What the Plagiarism Accusations Against “Crime Junkie” Could Mean For Podcasting
Questions arise of whether the industry can police itself
It’s a good time to be a fan of true crime narratives right now, and that renaissance has been driven in part by the rise of podcasting. The expansive scope of the medium allows producers to explore the intricacies and ambiguities of a particular case, and it can make for a rewarding and challenging listening experience when it’s at its best.
Recently, the popular podcast Crime Junkie was accused of plagiarism by journalist Cathy Frye. The implications of that might affect far more than one individual podcast.
Nicholas Quah at Vulture has a rundown of the issues facing Crime Junkie—and what their broader effects might be. Crime Junkie covered the 2002 killing of Kacie Woody in one episode; Frye tuned in and heard something that sounded uncannily like work that she’d done when covering the story at the time. As Quah describes it, Frye’s reaction was swift and understandable: “Frye went on to threaten legal action unless the podcast removed the relevant episode from their distribution channels.”

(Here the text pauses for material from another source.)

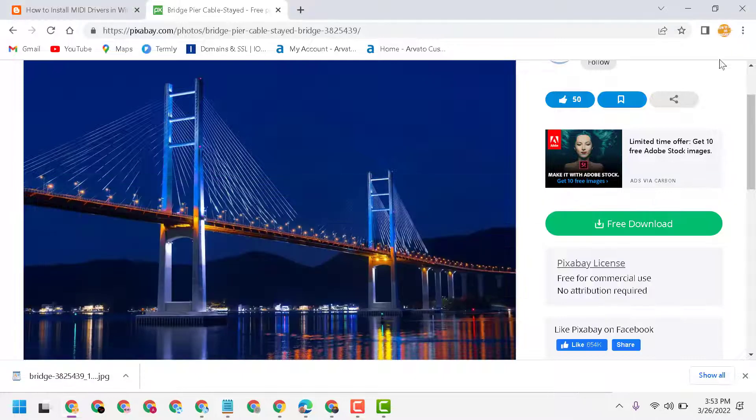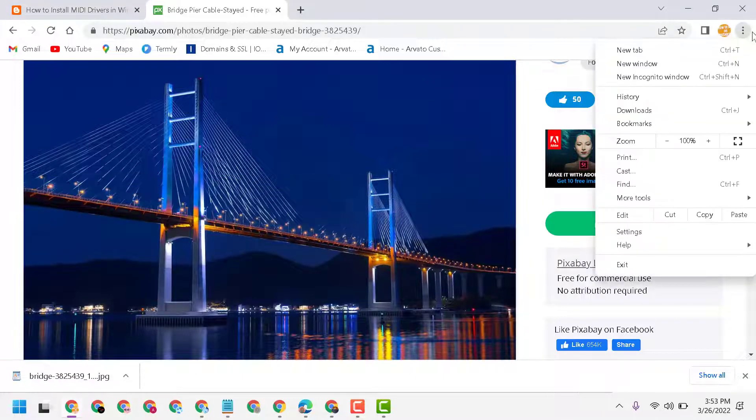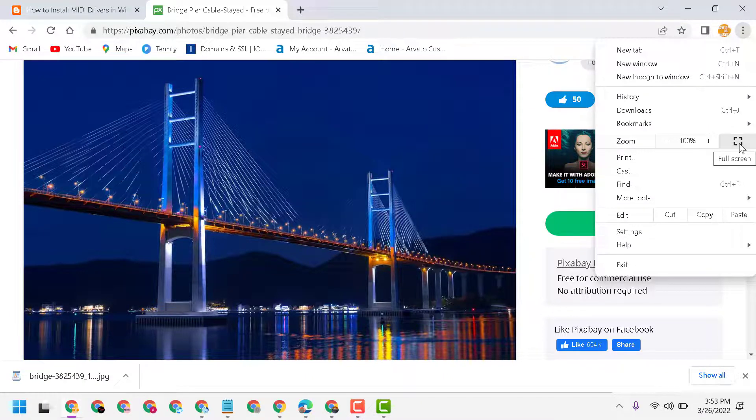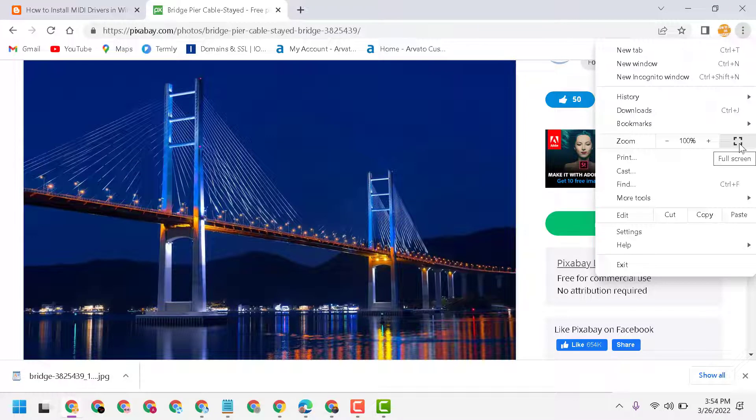So very simple, guys. Click on these three dots. Now here, click on this full screen mode icon. Click on it.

The result? That episode was pulled down; so were several others.
Quah’s article makes a critical point: podcasting is a not a form that lends itself terribly well to attribution or citation. And that speaks to broader trends in terms of how podcasting is reviewed and regulated.
The most prominent thread so far appears to be the way this brouhaha links the still-emerging nature of the podcast ecosystem to the broader (and long ongoing) discussions about the formulation and governance of ethical conduct in the digital world, which remains quite lawless in many corners.
As Quah puts it, “this brouhaha appears to be the community’s highest-profile scandal yet, and it’s one that may have material effects on the subculture as a whole.” You may or may not be a Crime Junkie listener, but the challenges they face may well impact a much larger array of podcasts across the internet.